RetroDiff: Retrosynthesis as Multi-stage Distribution Interpolation

Yiming Wang,Yuxuan Song,Minkai Xu,Rui Wang,Hao Zhou,Weiying Ma
2023-11-24
Abstract:Retrosynthesis poses a fundamental challenge in biopharmaceuticals, aiming to aid chemists in finding appropriate reactant molecules and synthetic pathways given determined product molecules. With the reactant and product represented as 2D graphs, retrosynthesis constitutes a conditional graph-to-graph generative task. Inspired by the recent advancements in discrete diffusion models for graph generation, we introduce Retrosynthesis Diffusion (RetroDiff), a novel diffusion-based method designed to address this problem. However, integrating a diffusion-based graph-to-graph framework while retaining essential chemical reaction template information presents a notable challenge. Our key innovation is to develop a multi-stage diffusion process. In this method, we decompose the retrosynthesis procedure to first sample external groups from the dummy distribution given products and then generate the external bonds to connect the products and generated groups. Interestingly, such a generation process is exactly the reverse of the widely adapted semi-template retrosynthesis procedure, i.e. from reaction center identification to synthon completion, which significantly reduces the error accumulation. Experimental results on the benchmark have demonstrated the superiority of our method over all other semi-template methods.

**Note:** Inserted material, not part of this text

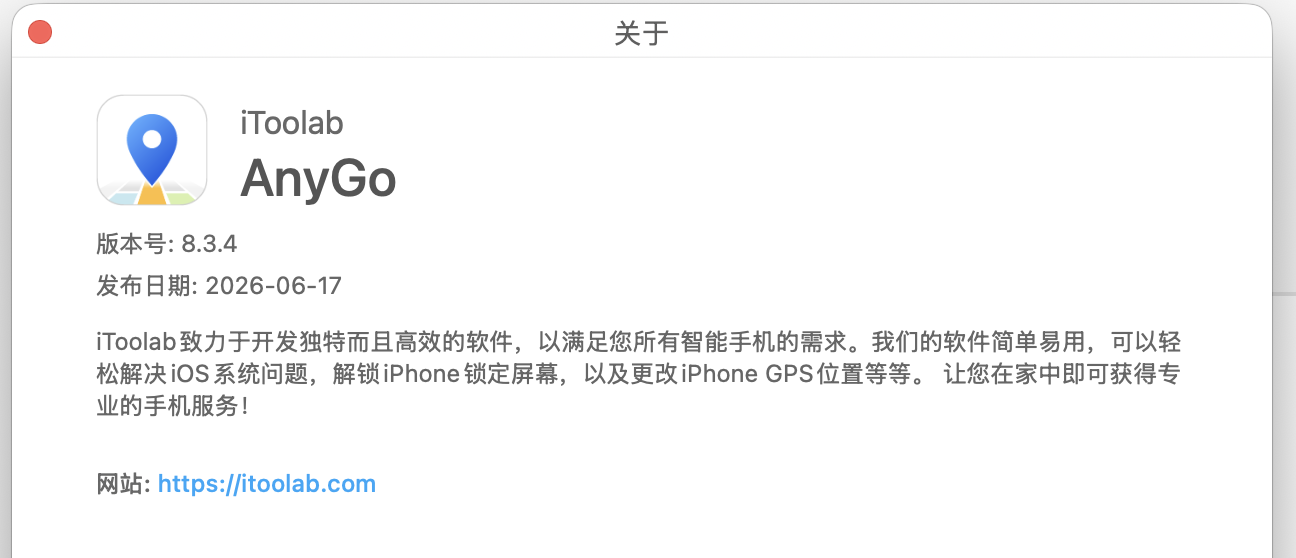 手把手教你破解macOS之AnyGo 8.3.x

Machine Learning,Quantitative Methods
What problem does this paper attempt to address?
The paper aims to address the problem of retrosynthesis in the field of organic synthesis, with the specific goal of assisting chemists in finding suitable reactant molecules and synthesis pathways for a given target product molecule. Retrosynthesis is considered a fundamental challenge in the biopharmaceutical field. To tackle this challenge, the paper proposes a novel method called the Retrosynthesis Diffusion Model (RetroDiff), which is a conditional graph-to-graph generation model based on the diffusion process. Traditional methods are often categorized into three types: template-based, template-free, and semi-template-based. RetroDiff is a new variant of the semi-template-based approach. The key innovation of RetroDiff lies in the design of a multi-stage diffusion process, where the retrosynthesis process is decomposed into two parts: first, sampling external groups from the product molecule, and then generating external bonds that connect the product to these external groups. This method reverses the traditional semi-template retrosynthesis process (from reaction center identification to synthesis fragment completion), thereby significantly reducing error accumulation. Experimental results show that on the USPTO-50k dataset, RetroDiff outperforms all other semi-template methods in benchmark tests and significantly improves the accuracy of reaction center prediction, thanks to the acquisition of chemical information about external groups. In summary, the goal of this paper is to develop a more efficient semi-template retrosynthesis method by introducing the RetroDiff model to achieve this objective.